PROBLEM :: Your task is to copy the lines of the data below from the line holding "White Shimmer Georgette" through the line holding "Ayetbul | Kuran", inclusive, exactly and with nothing added.

** Opening MATERIAL TO PROCESS block **

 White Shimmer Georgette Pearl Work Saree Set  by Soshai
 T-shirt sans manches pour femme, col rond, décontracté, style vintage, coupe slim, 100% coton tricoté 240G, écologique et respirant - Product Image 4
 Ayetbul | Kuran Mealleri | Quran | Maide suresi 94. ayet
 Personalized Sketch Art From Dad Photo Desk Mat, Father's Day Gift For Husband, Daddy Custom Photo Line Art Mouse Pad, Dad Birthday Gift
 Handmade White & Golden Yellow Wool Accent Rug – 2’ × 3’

** Closing MATERIAL TO PROCESS block **
** Opening MATERIAL TO PROCESS block **

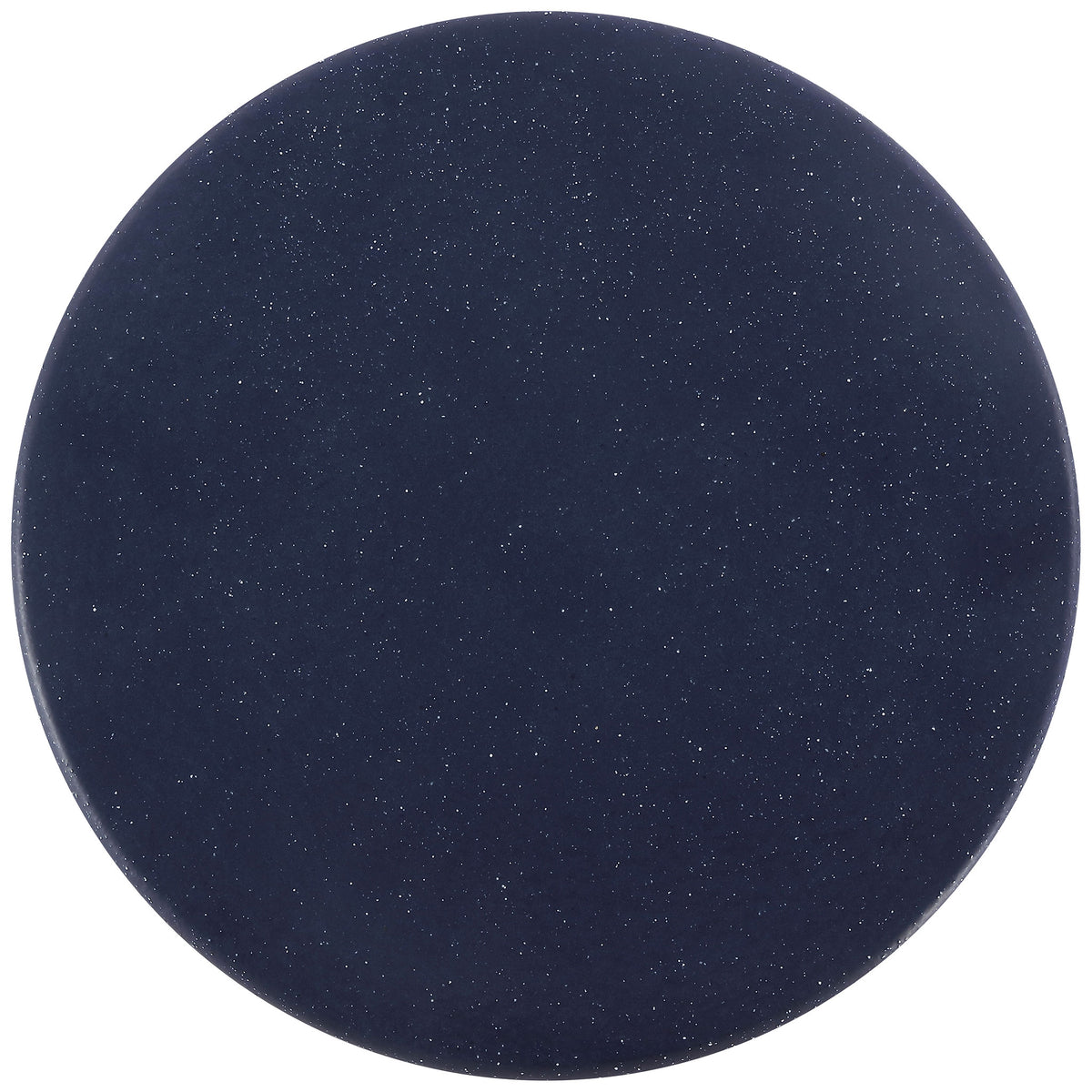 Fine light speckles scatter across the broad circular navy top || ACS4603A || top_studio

** Closing MATERIAL TO PROCESS block **

EXERCISE OUTPUT ::
 White Shimmer Georgette Pearl Work Saree Set  by Soshai
 T-shirt sans manches pour femme, col rond, décontracté, style vintage, coupe slim, 100% coton tricoté 240G, écologique et respirant - Product Image 4
 Ayetbul | Kuran Mealleri | Quran | Maide suresi 94. ayet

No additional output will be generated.